La PAT voudrait "une loi obligeant les propriétaires à marquer leurs chiens pour qu'ils ne puissent plus être jetés impunément à la rue" et que chaque municipalité soit dotée d'un centre de gestion des chiens errants. Il y en a six pour toute la Tunisie: "On a gagné une bataille mais pas encore la guerre", relève Mme Lakech, estimant que les associations font "le travail de l'Etat".
Longue agonie
"Après s'être fait tirer dessus, des chiens peuvent agoniser pendant des heures. On les laisse sans s'inquiéter de savoir s'ils sont morts ou blessés", s'insurge Mme Lakech.
Au refuge de Bouhanach à Ariana, près de Tunis, des dizaines de chiens sont hébergés par la PAT qui tente de leur trouver un foyer. Construit il y a cinq ans grâce à des dons privés, le refuge s'étend sur un terrain de 2.600 mètres carrés.Le centre a déjà accueilli près de 500 pensionnaires. Parfois, faute de famille adoptive locale, la PAT envoie les chiens à l'étranger avec des "parrains de vol", pendant leur transport.
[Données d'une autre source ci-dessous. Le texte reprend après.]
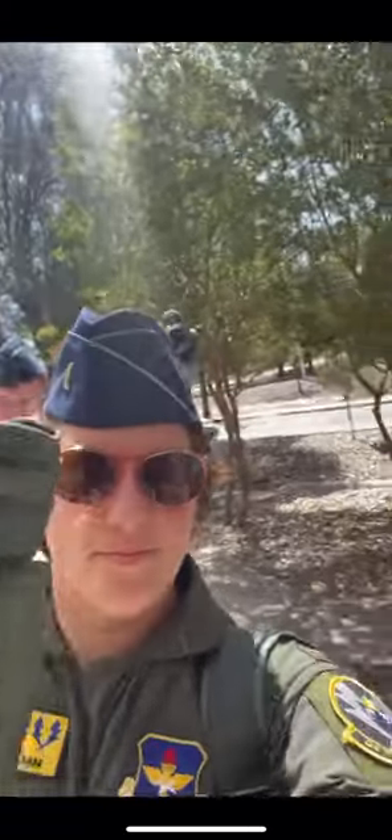After class, we went to go return our gear and we got some gloves that were compatible with our iPad. And of course, pilot training isn't complete without Starbucks and studying.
Vétérinaire au centre de stérilisation-vaccination de Tunis, le Dr Mahmoud Latiri a vacciné plus de 2.500 bêtes en deux ans, essentiellement des chiens, et pratiqué de nombreuses stérilisations. "Sans une stérilisation massive, les rues seront envahies de chiens errants", avertit le Dr Mahmoud. Deux jours par semaine, une équipe du centre parcourt les rues de la capitale à la recherche de chiens errants pour les vacciner et les stériliser.